每次秦廉来送月钱时问他两句有关容渟的话,汪周就烦的不行,可低人一头,烦也没办法。

若在往常,汪周定是要撒谎搪塞过去。

可在今日,他却在想,要不要别撒谎了。

要是说容渟的腿伤忽然恶化,还能显得之后他没能在大火里逃生更加可信。

汪周正在心里打算着,就看到了道路另一头,出现了秦廉的身影。

秦廉是邺城中唯一知道容渟真正身份的人。

在容渟抵达邺城之前,他就曾收到过四皇子容深寄给他的信,告诉他九皇子会到邺城养伤,让他为九皇子发放月钱。

秦廉只是个地方官,在此之前,从未听说过关于九皇子的消息,稍作打听,才了解到一点。

听说九皇子出身极低,母妃又早逝,是昭武帝膝下势力最单薄的儿子,他便没了去巴结的心思。

只不过这好歹是天家的孩子,每次发放月钱之余,他也忍不住问问容渟的近况。

汪周一见到秦廉的身影,眼里谄媚又贪婪的笑意根本遮挡不住,快步迎上去,“官人,您来啦?”

他很是心急,没再说什么客套话,单刀直入,“小人来为我家公子领取月钱。”

秦廉取出库仓的钥匙开门,如往常一样,慢吞吞问,“你家小公子,近来如何了?”

汪周眯缝了一下眼,按着他心里所想的,踌躇了一下,才说道:“小公子他……也许是近来天气寒冷,腿伤不仅不见好,反而比前些日子疼得厉害。”

秦廉开门的手一顿,“疼得厉害?”

“是。”汪周面不改色,“小人今日领了月钱,就去给他拿些好药。”

秦廉稍稍点了点头,转过身去,继续开门。

汪周在他看不见的时候,目光中升起一股得意,摩挲着手指,就等着拿到那十六两银子了。

却听身后一声轻叹——

“可算寻到官人了。”

那声音里喊娇带媚,听上去便像来自风月场合的女人。

汪周看到女人的脸,脸色就变了。

恨不得将自己的脸埋进土里,不叫她看到自己是谁,扭头就往前走。

却迟了一步,被那女子涂着艳紫豆蔻的手指攀住了肩头,一扳,迫使他的脑袋转过来,泼辣道:“两个月前你在我的长乐庄赌输了二十两银子,欠我十两,说好了二月初三还上,却一个月没见人影,汪周,我是见你每月初三都手头阔绰,才答应让你佘一个月,钱呢?”

汪周完全没料到今日会出这样的意外。

他两个月前在云七娘的赌庄上欠了钱,本来是打算上个月还上的。

可上个月,他那十六两银子被偷回去了!

汪周一脸焦色,“七娘,你听我解释。”

“不必解释,今日又到三号了,官人这里又有钱了吧,还我便是。”

前方秦廉的脚步乍然一顿。

汪周这下身子更冷了。

汪周方才看到云七娘,他只是惊惧于债主上门,可现在才想明白,云七娘在府仓这里、在秦廉面前堵他,恐怕不止是为了讨债!

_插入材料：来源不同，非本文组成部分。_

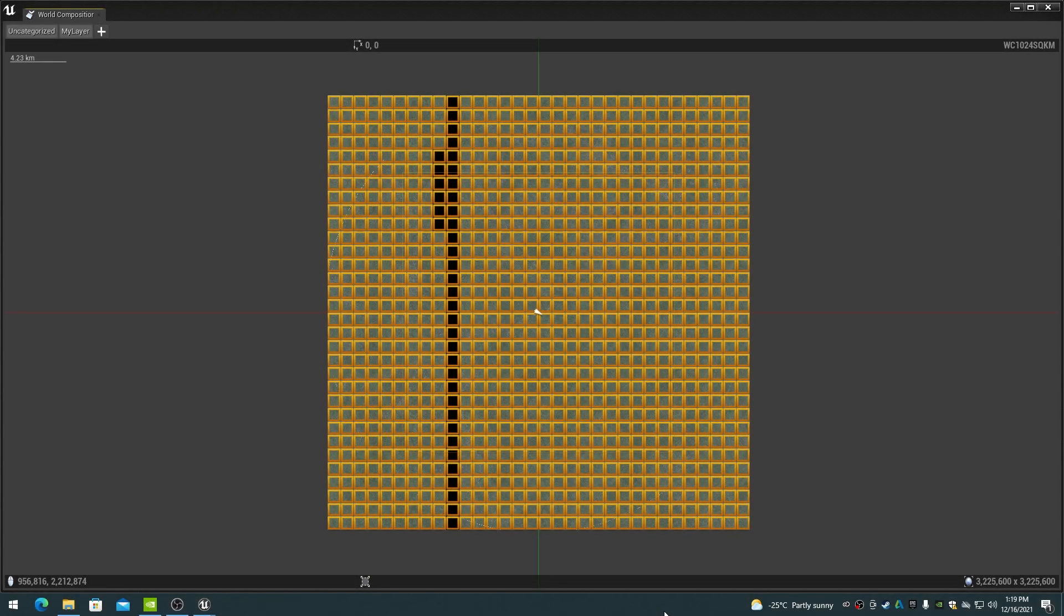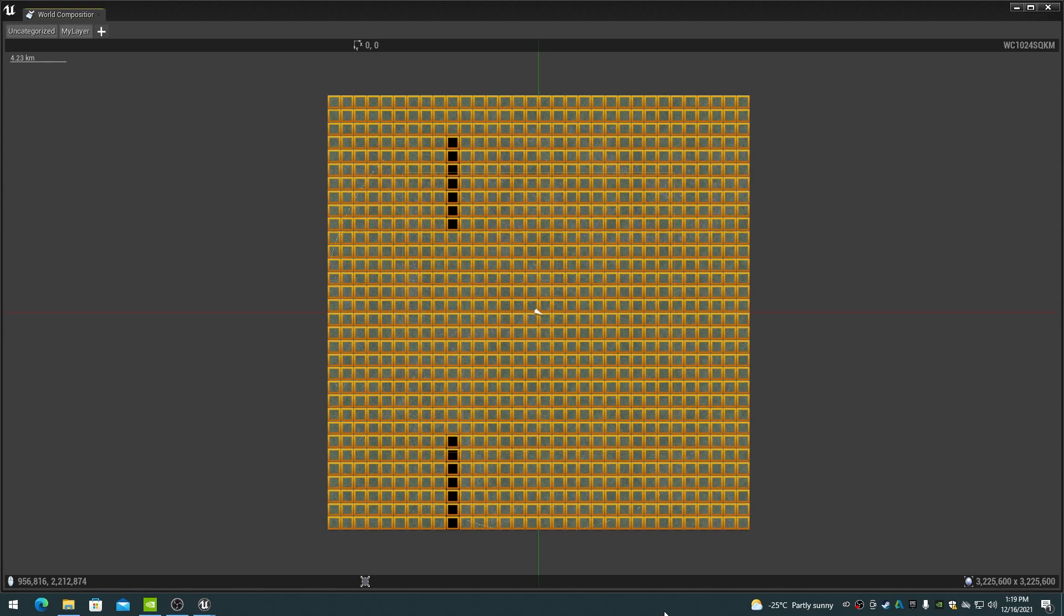This is an overview of the terrain in the World Composition mini-map. This implementation of a 1024 square kilometer terrain is using 1024 tiles of 1009 by 1009 height maps.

他私纳容渟银子的事,若是被秦廉知道了,是要被打入大狱里去的。

这一年间,近两百两,他不清楚大昭的律令,却也隐约清楚,进去了可能就出不来了!

汪周雷劈一样怔住,哆哆嗦嗦的,朝着云七娘挤眉弄目,想阻止她继续说下去。

却听得云七娘冷笑一声,“官人怎么还不还钱?初三了呀,您那小主子的月钱,不是都进了你的口袋吗?”

若说汪周方才还期待着秦廉听不出云七娘话里的弦外之音,这下,却是连最后的遮羞布都被扯下了。

完了,他一下垮坐在了地上。

……

汪周本想逃跑,被秦廉身边的官兵追上,摁在了地上,捉拿了起来。

秦廉因知容渟真正身份,偷纳皇子月钱,兹事体大,命人写了书信,分别寄给了昭武帝与刑部,同时将汪周押解回京,自己亲自将十六两银子给容渟送了过去。

秦廉第一次见到容渟。

原以为容渟的外貌不过凡凡,与他出身一样不显,却不料这个十四岁的少年却是一身在轮椅上都压不住的好气度。

深邃的眸子将情绪藏得极好,连听到了这种成天欺负他的人落得应有的下场,眸里却还是冷冰冰的,风平浪静,一点少年人喜怒外露于面的冒失模样都没有,却像是不凡之辈。

越发叫人可惜他那两条腿……

容渟在听完秦廉所述之后,淡声问:“秦大人可知,云七娘为何当面去找汪周要债?”

秦廉却一发愣,“下官以为,只是巧合。”

容渟勾唇淡笑。

那云七娘既是要讨债,怎会在汪周将要拿到钱之前出现。

明明该在汪周拿到钱后讨账才对。

若说她只是为了讨债,可她却在汪周被捉时,没有着急,没有气急败坏,也没有到秦廉这里求一个公道,而是默默离开。

这完全不像一个锱铢必较的赌场老板娘会做的事。

容渟垂下眼睑,长睫浓密,将他目光中的暗流涌动尽数遮住。

送客后,容渟操控着轮椅出了门。

……

酒楼内。

姜娆按着姜平去与云七娘谈好的,送给了云七娘一整套头面。

云七娘喜滋滋摸着怀里的精美的首饰,忍不住多看了姜娆几眼。

她一看就知道眼前的姑娘家底殷实,这一套昂贵的头面送给她时,眼睛眨都不眨,没有半分不舍。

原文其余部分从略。